(Extracted material)

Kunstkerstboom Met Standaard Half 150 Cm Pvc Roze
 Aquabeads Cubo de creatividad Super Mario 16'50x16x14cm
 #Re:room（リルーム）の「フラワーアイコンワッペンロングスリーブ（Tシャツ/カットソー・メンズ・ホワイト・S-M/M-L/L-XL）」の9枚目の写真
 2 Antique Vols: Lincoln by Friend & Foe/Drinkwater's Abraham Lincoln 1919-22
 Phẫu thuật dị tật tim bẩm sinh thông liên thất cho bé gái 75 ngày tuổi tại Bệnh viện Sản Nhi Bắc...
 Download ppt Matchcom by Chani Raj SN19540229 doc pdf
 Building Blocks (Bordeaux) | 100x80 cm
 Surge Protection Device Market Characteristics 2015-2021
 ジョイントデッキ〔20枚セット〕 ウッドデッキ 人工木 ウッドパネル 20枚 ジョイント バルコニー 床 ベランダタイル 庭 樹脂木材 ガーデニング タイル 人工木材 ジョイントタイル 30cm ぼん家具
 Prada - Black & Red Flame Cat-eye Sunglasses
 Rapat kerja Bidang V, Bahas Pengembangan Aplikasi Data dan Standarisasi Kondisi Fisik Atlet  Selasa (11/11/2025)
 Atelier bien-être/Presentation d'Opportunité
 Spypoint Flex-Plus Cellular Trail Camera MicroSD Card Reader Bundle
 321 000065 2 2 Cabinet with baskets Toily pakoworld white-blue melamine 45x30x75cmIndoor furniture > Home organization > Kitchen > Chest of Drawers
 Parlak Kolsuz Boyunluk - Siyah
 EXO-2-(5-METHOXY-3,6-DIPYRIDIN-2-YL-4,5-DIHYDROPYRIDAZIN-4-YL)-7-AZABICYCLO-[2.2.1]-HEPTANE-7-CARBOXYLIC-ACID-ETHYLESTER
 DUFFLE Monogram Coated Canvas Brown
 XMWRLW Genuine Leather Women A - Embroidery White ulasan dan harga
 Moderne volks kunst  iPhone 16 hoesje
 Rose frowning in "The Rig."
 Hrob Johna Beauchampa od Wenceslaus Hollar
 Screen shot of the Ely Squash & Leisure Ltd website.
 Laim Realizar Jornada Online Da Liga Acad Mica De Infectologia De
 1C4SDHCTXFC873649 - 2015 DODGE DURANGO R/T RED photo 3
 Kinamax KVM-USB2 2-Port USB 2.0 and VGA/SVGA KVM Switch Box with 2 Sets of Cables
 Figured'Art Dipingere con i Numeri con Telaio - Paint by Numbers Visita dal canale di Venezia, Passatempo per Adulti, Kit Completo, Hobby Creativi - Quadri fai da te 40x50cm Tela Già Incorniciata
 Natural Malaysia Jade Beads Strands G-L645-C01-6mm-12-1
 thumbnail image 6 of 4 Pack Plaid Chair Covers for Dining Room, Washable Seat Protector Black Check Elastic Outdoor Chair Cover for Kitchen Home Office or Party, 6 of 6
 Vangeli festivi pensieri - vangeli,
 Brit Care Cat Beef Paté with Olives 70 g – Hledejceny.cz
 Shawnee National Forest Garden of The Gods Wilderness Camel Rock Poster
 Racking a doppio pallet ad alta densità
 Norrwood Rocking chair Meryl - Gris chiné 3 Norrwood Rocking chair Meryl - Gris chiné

(End Extracted material)

• **Task brief**: Find "Shawnee National Forest" in the records above. Repeat its line and every later line exactly, through the last one.

• **Written reply**:
 Shawnee National Forest Garden of The Gods Wilderness Camel Rock Poster
 Racking a doppio pallet ad alta densità
 Norrwood Rocking chair Meryl - Gris chiné 3 Norrwood Rocking chair Meryl - Gris chiné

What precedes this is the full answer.